In the realm of collegiate apparel, UNC has long been among the most popular schools in the country. It currently ranks seventh on the Collegiate Licensing Company’s annual list of top-selling schools. Revenue from the trademark licensing of the Tar Heel logo generated $2.83 million in 2007, money the university says will be used to support need- and merit-based scholarships for UNC students.
It’s unclear exactly how many of the factories that produce UNC apparel are adhering to the standards set by the university. Despite the code systems put in place by the two labor monitoring organizations affiliated with UNCthe Fair Labor Association (FLA) and the Worker Rights Consortiumsome alleged that much of the apparel licensed by the companies like Nike and Champion and made for the $3 billion collegiate market is produced with sweat shop labor.

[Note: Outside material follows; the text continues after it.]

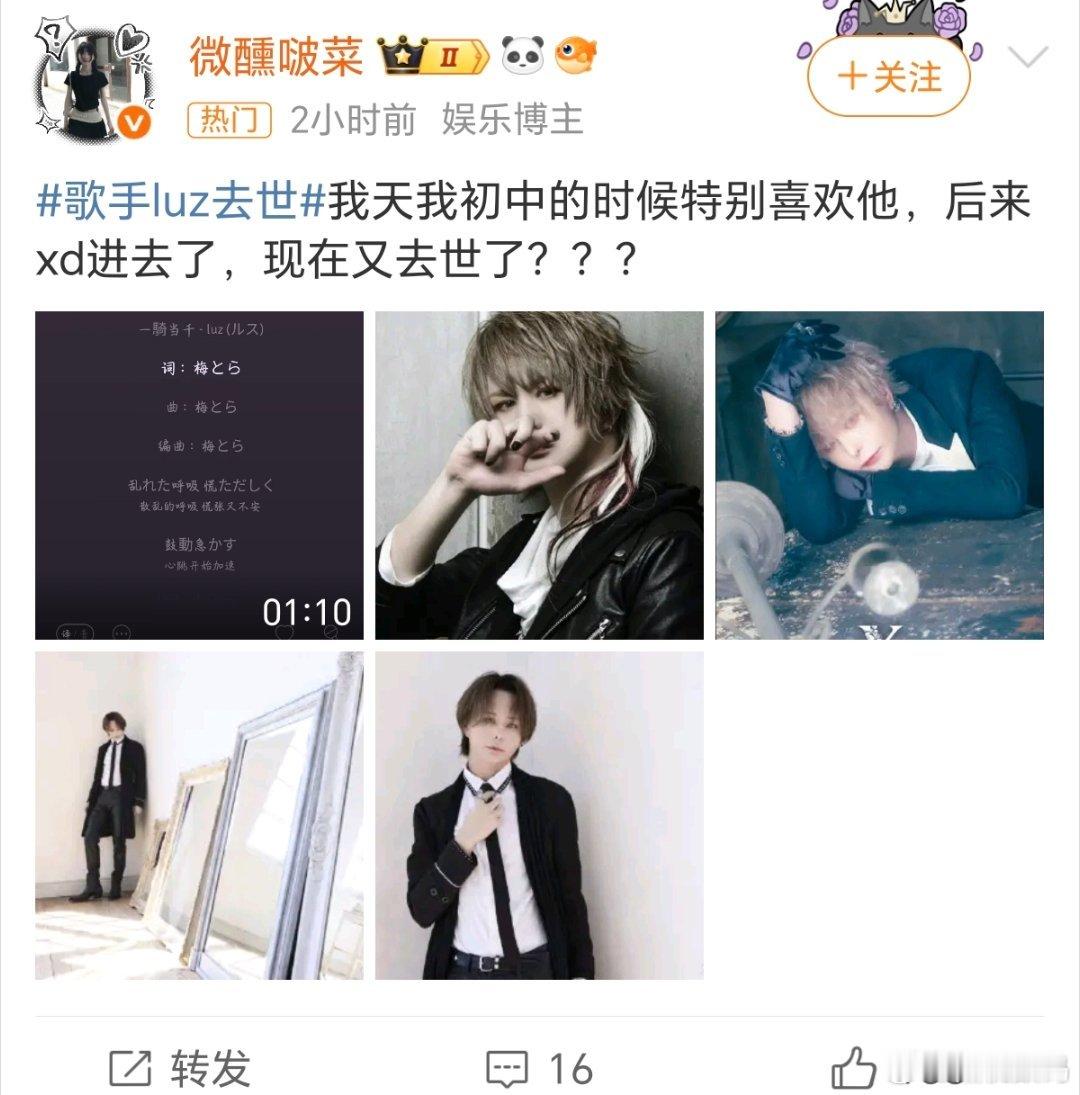 歌手luz去世突然想起那句话 生命无常，大肠包小肠，哎这东西我们真的谁也控制不了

“The present situation is wholly unacceptable,” says Altha Cravey, a UNC geography professor and long-time member of the LLCC. “For all of the money we’ve poured into these organizations to be members, the norm in the industry is still forced overtime. The norm is people not receiving a living wage. There are more adequate solutions out there, and we should take them seriously.”
Earlier this year, Jorge Perez Lopez, executive director of the Fair Labor Association visited UNC and admitted to LLCC members that some of the accredited organizations violate the university’s established codes of labor conduct. UNC has joined with 10 other top-selling universities to develop an enhanced monitoring protocol, but critics of the FLA have been quick to point out that the FLA includes among its leadership representatives from the very companies that operate the factories that are failing to adhere to the codes.
“The FLA solution is just to create more codes, which we already know doesn’t work,” says Mirza. “It’s a fire alarm method. It only works if someone lodges a complaint. It assumes that workers aren’t suffering every day.”
During the trial, the student’s attorney, Al McSurely, president of the Chapel Hill/ Carrboro chapter of the NAACP, argued that their actions were necessary to prevent the greater crime being perpetrated against the workers, whose suffering they said would, at least to some degree, be abated if Moeser would change his stance.
The presiding judge however, disagreed. After applauding the students’ idealism, Judge Patricia Devine found each of them guilty on charges of failure to disperse, while a gallery of their visibly disappointed supporters looked on.
“This case hinges on whether or not there was a legitimate nexus between the students’ hope that they could change the chancellor’s mind thereby benefiting workers and their actions,” said Devine. “I see no evidence of that.”
Mirza, the organizer of the protest, was also found guilty of resisting arrest for refusing to walk to the awaiting police vehicle after her arrest, though her sentence, as well as that of the rest of the protesters, was vacated by the judge.
Despite the verdict, the students were encouraged. “This is still a victory for us because no one in that courtroom said that we were wrong in trying to get the university to adopt the DSP,” explained Sarah Hirsch.
With the start of the new school year, supporters of the DSP will get another chance to convince university higher-ups to join. One of former Chancellor Moeser’s last acts as head of the university was to set the agenda for the Licensing Labor Code Committee. Committee members hope to have a substantive discussion at their first meeting on how the university handles its licensing issues, including revisiting the DSP.